Umso mehr wächst die Furcht der Südkoreaner, in dem sich zuspitzenden Konflikt kein Gehör mehr zu finden, weder in Washington, noch in Peking oder in Pjöngjang. Ein solches
"Korea passing", da sind sich in Seoul alle einig, dürfe es nicht geben. Denn
ein Krieg hätte für den Süden verheerende Folgen. Deshalb hat Moon Jae In auch immer wieder betont, es werde keine amerikanischen Militäraktionen ohne Zustimmung Südkoreas geben. Nur ist es kaum vorstellbar, dass Trump dem südkoreanischen Präsidenten ein Vetorecht einräumt, wenn es für ihn um die Sicherheit der Vereinigten Staaten geht.

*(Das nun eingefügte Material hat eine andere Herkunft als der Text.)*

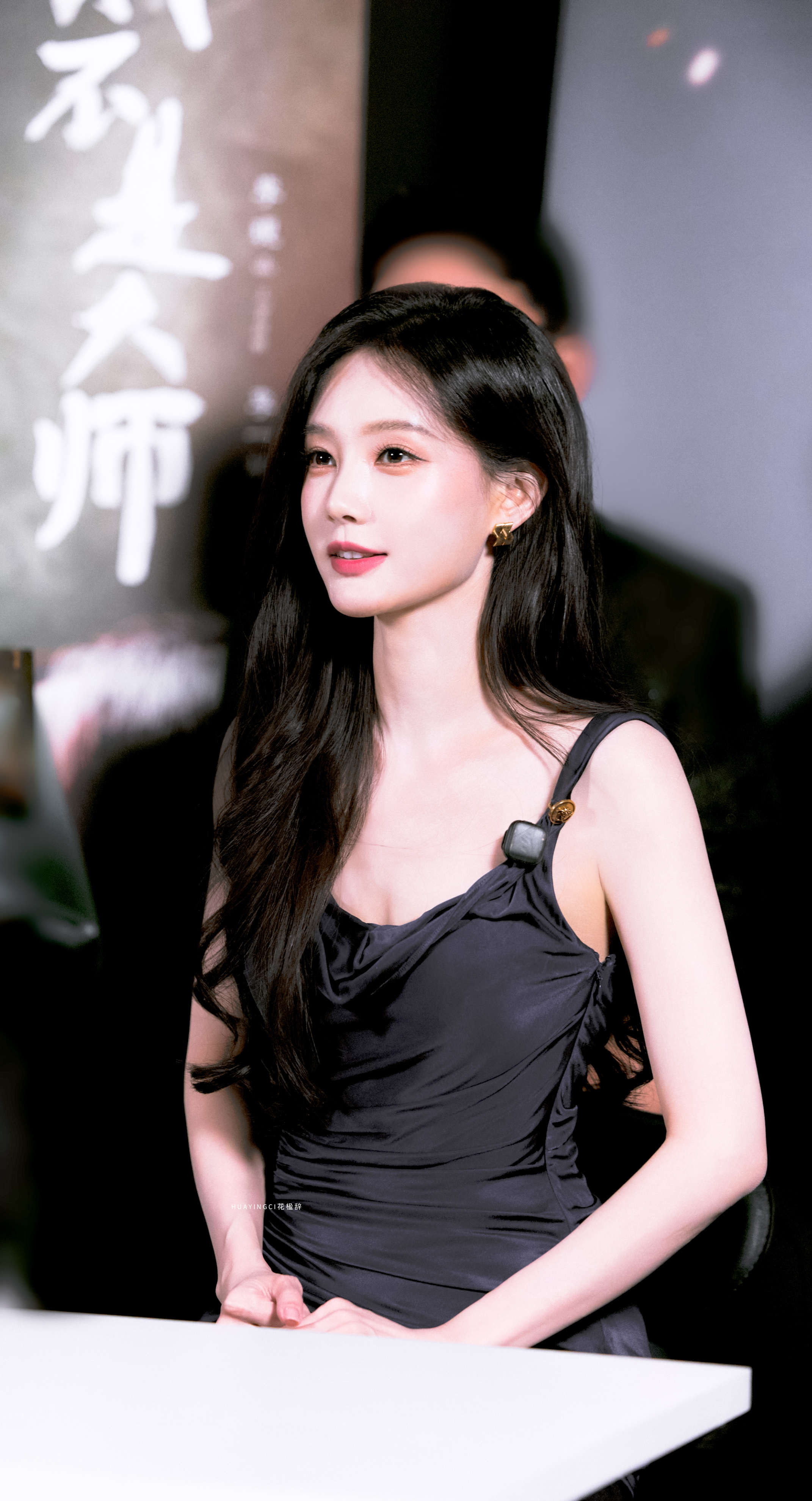 李一桐

#李一桐我不是大师追剧团造型##李一桐不愧是北舞毕业的# ​
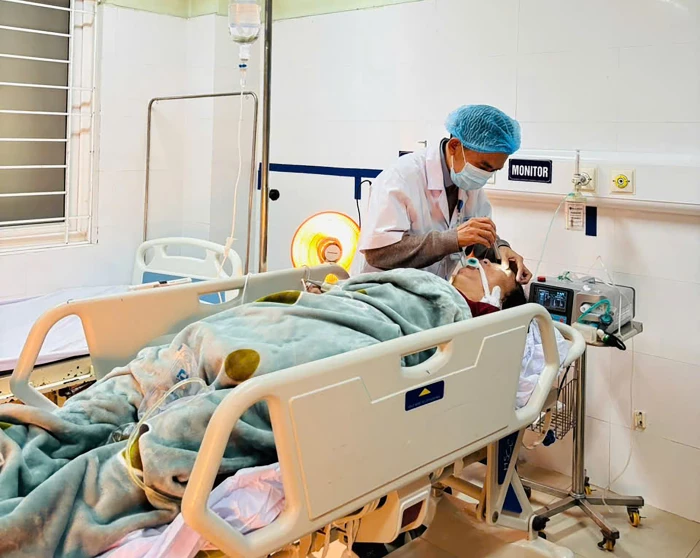 2 người nguy kịch do ngộ độc khí CO khi sưởi than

Die traurige Folge: Südkorea wird noch stärker aufrüsten. Weil es sich zum einen gegen den wahnhaften Diktator im Norden schützen muss. Und weil es zum anderen nicht weiß, ob es sich auf den Verbündeten in Washington verlassen kann. Manche Politiker im Süden entdecken den alten Glaubenssatz des Kalten Krieges vom "Gleichgewicht des Schreckens" neu. Etabliere sich der Norden als Atommacht, argumentieren sie, müsse Südkorea nuklear nachrüsten. Der Frieden auf der Halbinsel lasse sich nur
durch gegenseitige Abschreckung bewahren.